John Pearson, Discover Tenkara
Most people tend to go heavy with their casting line when dealing with wind but this can bring as many problems as it solves. The extra surface area can be a liability, catching the wind like a sail during the drift. Something I’ve taught to many students from beginner to advanced is the use of a light line (#2.5 or #3.0) with a bead head stiff hackle kebari (see picture).
Let me make it very clear here… the bead is NOT intended to help the fly sink. It acts as a counter to the wind during the cast and helps anchor the fly during the drift. It’s totally possible to fish a 2.5mm tungsten bead kebari of this style right at the surface for the whole drift. The stiff hackle helps stop the fly zipping back towards you as a simple bead head nymph would, while the weight helps stop the fly lifting off the surface if the line does catch the wind.

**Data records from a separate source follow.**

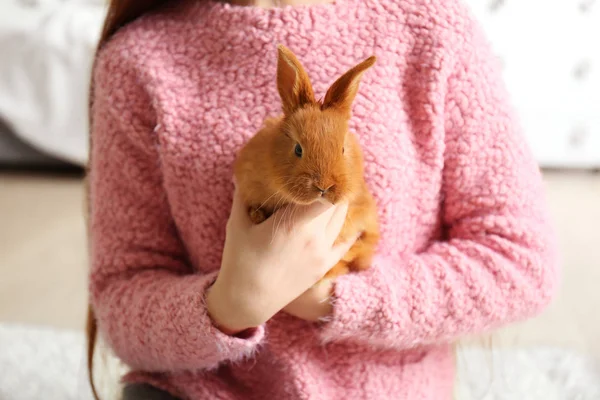 Niña sosteniendo conejo pequeño — Foto de Stock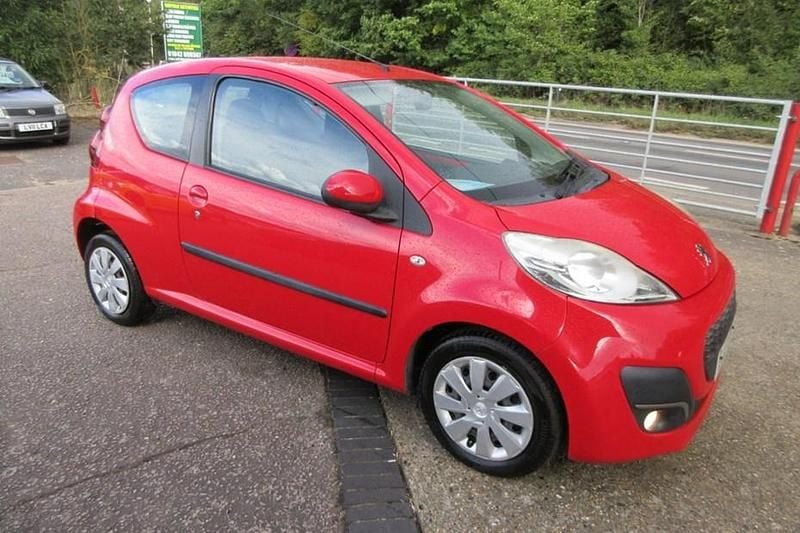 Red Used 2013 Peugeot 107 Active Hatchback | £2,995 (Fair price) - Image 1/1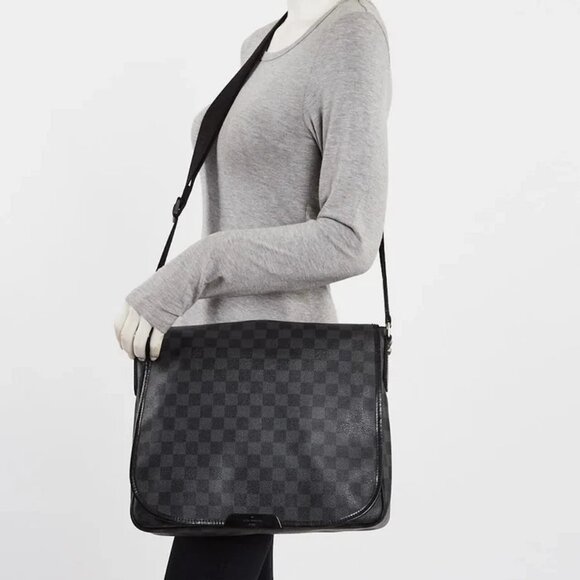 Louis Vuitton Damier Graphite Canvas Daniel MM Messenger Bag - Picture 2 of 11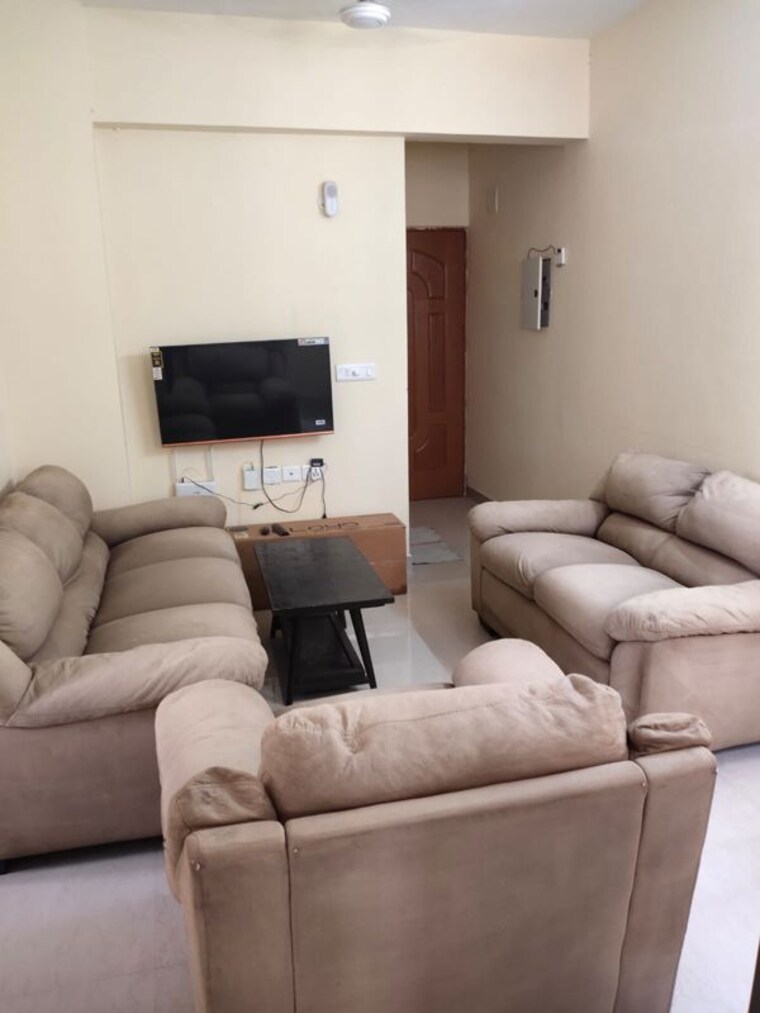 Living Room, shree-vardhman-mantra 2 Bedroom 800 Sq.Ft. Apartment In Sector 67 Gurgaon 10718985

Accurate casting is a breeze (pardon the pun) as the weight of the bead, coupled with light level line, really punches through the wind. For me, the sweet spot is 2.5mm tungsten bead with #2.5 level fluorocarbon line around the length of the rod with about 40” of tippet.

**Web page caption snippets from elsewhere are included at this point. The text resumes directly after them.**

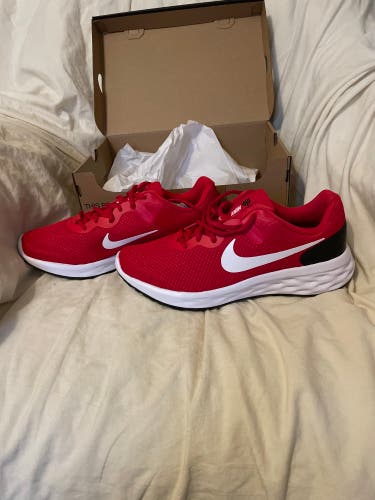 Nike Revolution 6 NN running shoes. New In Box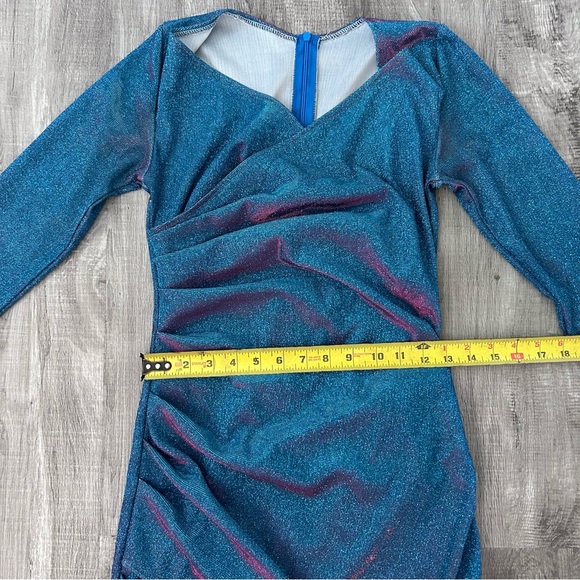 Deep V-neck Long Sleeve Party Dress - Picture 4 of 7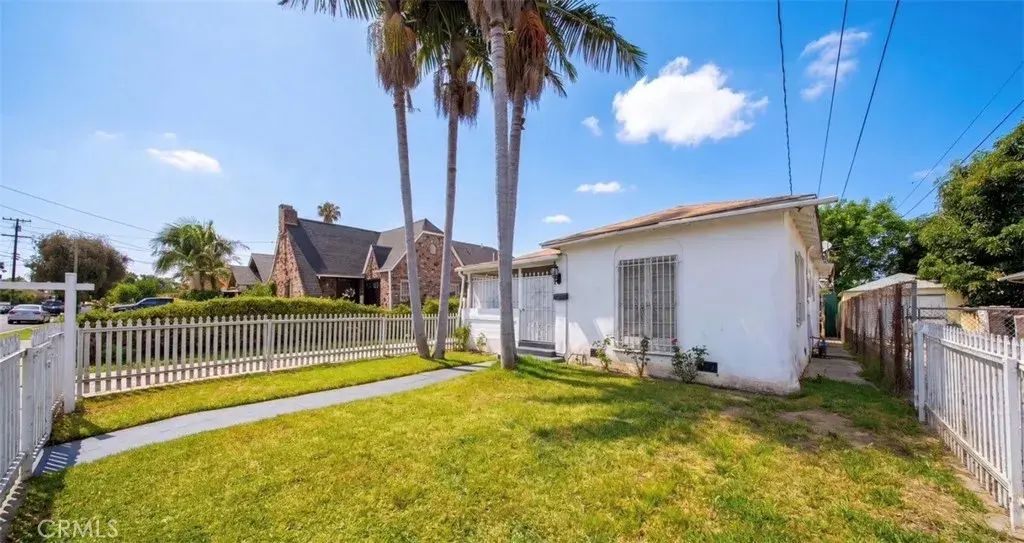 511 N Chester, Compton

There are a multitude of other (more advanced) skills that can be employed, but this one will get anyone (with the basics already under their belt) fishing effectively on a windy day. And if you are an angler that goes back and forth between tenkara and rod-and-reel you can easily apply the stuff you learned from using a fixed line to your regular fly fishing.
Thanks for reaching out to me about the “w” word! Here a couple of tips I like to pass along to my clients, and ones I use all the time.
My Tactical Tenkara Nymphing Line makes casting in the wind easier because of its weight-forward design. I don’t nymph with any other line, wind or no wind. When it’s windy, I like to cast at a quartering angle upstream, and drift at a quartering upstream angle. This keeps the wind from grabbing my line as much as a cast directly across.
I also like to lower my rod tip a bit to keep the line more low profile in relation to the wind. When it’s really windy, my rod tip ends up about shoulder to head high. Not ideal, but it works much better than having the rod tip higher and allowing more line to be exposed to the wind.
I will switch to heavier nymphs when it’s windy… less likely for the wind to move them unnaturally during the drift. I will also switch over to buggier nymph patterns that have more surface area to reduce how much they are affected by bad drifts caused by wind movement in the rod and line.
My Tenkara Floating Lines (TFL) are .026” diameter…pretty thin. I also have some .028” diameter TFLs that have quite a bit more surface area and they stick to the film better, so I will switch over to the thicker and heavier floating line when it’s windy. I’ll lay more line on the water and let the surface film anchor it to keep it from blowing off the water and/or jeopardizing the drift. The heavier floating line also casts better in the wind.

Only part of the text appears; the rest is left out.